Os processos psíquicos iniciais são registros neuronais quantitativos e qualitativos no interior do aparelho neuronal. A percepção é anterior à consciência, à inauguração do inconsciente, ao estabelecimento da fala. Portanto, a qualidade da satisfação influi sobremaneira nas marcas feitas que forjam seu percurso.
E disso decorrem as questões da saúde mental, de comportamento e sociabilidade. Porque as primeiras marcas de afeto nos permitem acesso ao simbólico. Nos permitem interiorizar os ideais da cultura, os interditos e atributos necessários ao compartilhamento da vida comum.
Se o afeto não nos marcou, e humanizou, as falhas nos processos afetivos, partilhar valores, limites e regras sociais será mais difícil. Serão mais difíceis a empatia, as parcerias, os pactos legais.

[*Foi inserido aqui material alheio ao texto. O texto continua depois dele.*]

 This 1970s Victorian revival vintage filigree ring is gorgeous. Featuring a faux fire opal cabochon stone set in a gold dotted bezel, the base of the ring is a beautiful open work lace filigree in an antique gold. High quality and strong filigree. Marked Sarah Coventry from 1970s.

Causar sujeitos antissociais, foras da lei, que é o mais importante pacto entre nós.
Atitudes equivocadas e reprováveis, no que concerne às grandes questões do coletivo, do Planeta, da crise climática, do desmatamento, dos indígenas, da faixa de Gaza, da Ucrânia, entre tantas outras, são o espelho da humanidade que não se respeita como civilização, como construção humana por um mundo que compartilhamos.
A negação da gravidade dos acontecimentos nos deixa descrentes das qualidades do homem, de sua humanidade. Se ele nasce sem qualidade, se foi educado, deve aos semelhantes melhores escolhas, se os leva em consideração.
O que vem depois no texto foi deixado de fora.